Compreende-se que burgueses sejam incoerentes, como se compreende que um cego esbarre por toda a parte, e um paralítico não se saiba suster sobre as próprias pernas.

Mas - e aí é que vai a nota supremamente dolorosa - o que não se compreende é que católicos malbaratem o Precioso Sangue de Nosso Senhor Jesus Cristo, pelo qual foram remidos.

Qual é a gente que compõe esses partidos burgueses, inertes como os cães mudos, de que nos fala o profeta Isaias?

Qual é a gente que enche, em geral, as cátedras de nossas Universidades?

Qual é a gente que ocupa a direção de nossas associações conservadoras?
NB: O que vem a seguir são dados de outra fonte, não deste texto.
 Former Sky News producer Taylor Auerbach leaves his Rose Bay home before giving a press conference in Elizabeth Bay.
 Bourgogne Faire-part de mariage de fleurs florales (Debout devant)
Em geral, católicos, e católicos que, principalmente em vésperas de eleição, timbram em se proclamar tais.

Se os interesses econômicos, as mais sagradas preocupações patrióticas, os mais delicados sentimentos familiares não lhes ditam a menor reação, nem mesmo a Fé será capaz de estimular essa gente?
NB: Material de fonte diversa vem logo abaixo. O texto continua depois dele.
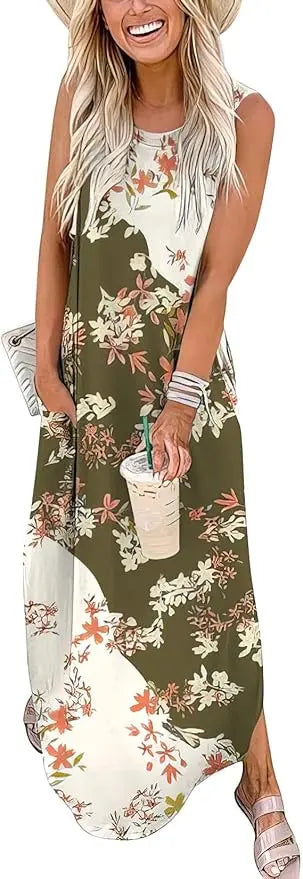 Mavi™ | Women's Sleeveless Maxi Dress – Loose Fit Side Slit Beach Vacation Sundress oaklynwear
Essas almas pelas quais Nosso Senhor morreu na Cruz, e a quem ele deu o dom inestimável da Fé,  não serão capazes do menor gesto de gratidão?
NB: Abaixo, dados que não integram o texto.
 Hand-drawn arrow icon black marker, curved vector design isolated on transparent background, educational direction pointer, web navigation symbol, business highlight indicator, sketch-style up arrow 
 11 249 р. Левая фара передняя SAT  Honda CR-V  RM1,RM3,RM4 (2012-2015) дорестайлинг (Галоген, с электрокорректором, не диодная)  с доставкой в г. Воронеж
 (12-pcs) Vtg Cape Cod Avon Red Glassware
Ah, como nos vem à mente, nesse tempo de quaresma, o impropério ardente que a Santa Liturgia põe nos lábios do Senhor, em uma das cerimonias da Semana Santa! As almas eleitas para a vida da graça que preferem ao Príncipe da Luz o príncipe das trevas. Nosso Senhor dirige uma queixa que, despida das imagens bíblicas, é a seguinte:

Oh! Alma que eu havia escolhido! sou eu mesmo que te tinha criado; como mudaste tua doçura em amargor, a ponto de me crucificar e de libertar Barrabás!”